Today, US courts have failed too often to acknowledge the history of racial violence. In 1987, the Supreme Court considered the case of Warren McCleskey — a black man who had been sentenced to death for killing a white police officer. McCleskey’s lawyers presented the courts with statistical evidence that race still infected the death sentencing process. In particular, a defendant who was charged with killing a white person was around twice as likely to be sentenced to death as someone who killed an African-American. The US Supreme Court in a 5-4 decision in McCleskey v. Kemp assumed that the statistical findings of racial bias were correct, but it held that McCleskey’s death sentence did not violate the Eighth Amendment or the Fourteenth Amendment of the US Constitution.

Justice Lewis Powell, who wrote the McCleskey majority opinion and who would later regret his decision in the case, believed that the racial discrimination of 1987 significantly differed from the discrimination and the racial violence of the past. While 1980s America did not look like 1880s America, they were still connected. Warren McCleskey himself would have recognized that connection, as he grew up in a town where blacks could not go to school with whites and in a state with a flag that incorporated the Confederate battle flag.

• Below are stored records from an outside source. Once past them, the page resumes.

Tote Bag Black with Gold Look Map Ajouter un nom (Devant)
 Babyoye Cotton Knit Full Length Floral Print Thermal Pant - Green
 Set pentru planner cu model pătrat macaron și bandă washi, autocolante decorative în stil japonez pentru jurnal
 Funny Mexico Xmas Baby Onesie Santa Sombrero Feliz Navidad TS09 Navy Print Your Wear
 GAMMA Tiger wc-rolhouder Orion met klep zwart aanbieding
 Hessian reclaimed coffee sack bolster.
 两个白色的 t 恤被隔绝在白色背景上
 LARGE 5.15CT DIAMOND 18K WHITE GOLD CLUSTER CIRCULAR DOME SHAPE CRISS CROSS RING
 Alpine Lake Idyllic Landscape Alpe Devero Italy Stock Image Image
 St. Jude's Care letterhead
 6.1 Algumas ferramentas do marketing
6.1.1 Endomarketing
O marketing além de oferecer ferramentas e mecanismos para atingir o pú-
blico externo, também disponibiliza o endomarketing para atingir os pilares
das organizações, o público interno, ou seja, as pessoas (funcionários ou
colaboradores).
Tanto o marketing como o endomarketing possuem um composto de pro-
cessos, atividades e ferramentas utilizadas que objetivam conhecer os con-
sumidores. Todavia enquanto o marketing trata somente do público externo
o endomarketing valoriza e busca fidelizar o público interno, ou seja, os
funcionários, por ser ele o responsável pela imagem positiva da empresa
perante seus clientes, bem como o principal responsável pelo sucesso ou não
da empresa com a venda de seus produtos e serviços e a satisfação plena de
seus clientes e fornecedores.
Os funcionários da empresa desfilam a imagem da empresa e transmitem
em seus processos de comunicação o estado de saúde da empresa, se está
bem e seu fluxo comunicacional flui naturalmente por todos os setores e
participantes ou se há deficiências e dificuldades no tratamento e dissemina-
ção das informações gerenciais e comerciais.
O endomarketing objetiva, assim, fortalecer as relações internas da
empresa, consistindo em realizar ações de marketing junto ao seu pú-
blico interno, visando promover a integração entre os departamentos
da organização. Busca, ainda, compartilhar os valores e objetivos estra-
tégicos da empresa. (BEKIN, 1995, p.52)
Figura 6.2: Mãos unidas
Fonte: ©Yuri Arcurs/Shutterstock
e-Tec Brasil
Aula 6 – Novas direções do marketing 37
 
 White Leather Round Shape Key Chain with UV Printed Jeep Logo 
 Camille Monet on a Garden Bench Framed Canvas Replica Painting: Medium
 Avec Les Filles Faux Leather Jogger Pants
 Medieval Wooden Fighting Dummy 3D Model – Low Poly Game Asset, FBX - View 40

Only thirty years before Warren McCleskey was born, one of the most famous lynchings in US history occurred in his hometown of Marietta, Georgia when people from that town lynched Leo Frank, a possibly innocent man lynched largely because he was Jewish. In 2008, more than 90 years after the lynching, the Georgia Historical Society along with several organizations erected an historical marker at the location where Frank was killed. Having visited the site of the lynching, I recognized how a modern-day marker, even in the midst of fast food restaurants on a busy street, could make one pause and reflect.

As the Equal Justice Initiative and others continue to work to memorialize other lynchings around the country, these monuments will not only help us remember those who died but also help us understand today’s society. Billie Holiday recognized this point when she performed the powerful anti-lynching song “Strange Fruit,” as did Woody Guthrie when he wrote the lesser-known song “Don’t Kill My Baby and My Son,” about an Oklahoma lynching witnessed by his father.

The ongoing work of activists to erect memorials at lynching locales is about who we are as much as it is about who we were. Just as it is important to remember the battlefields of war, we also need monuments to remember the battles for racial justice. As William Shakespeare wrote in The Tempest and as slightly altered in stone next to the entrance of the National Archives Building in Washington, D.C., “What is Past is Prologue.” We need memorials dedicated to the prologue of racial violence in order to effectively address our present and our future.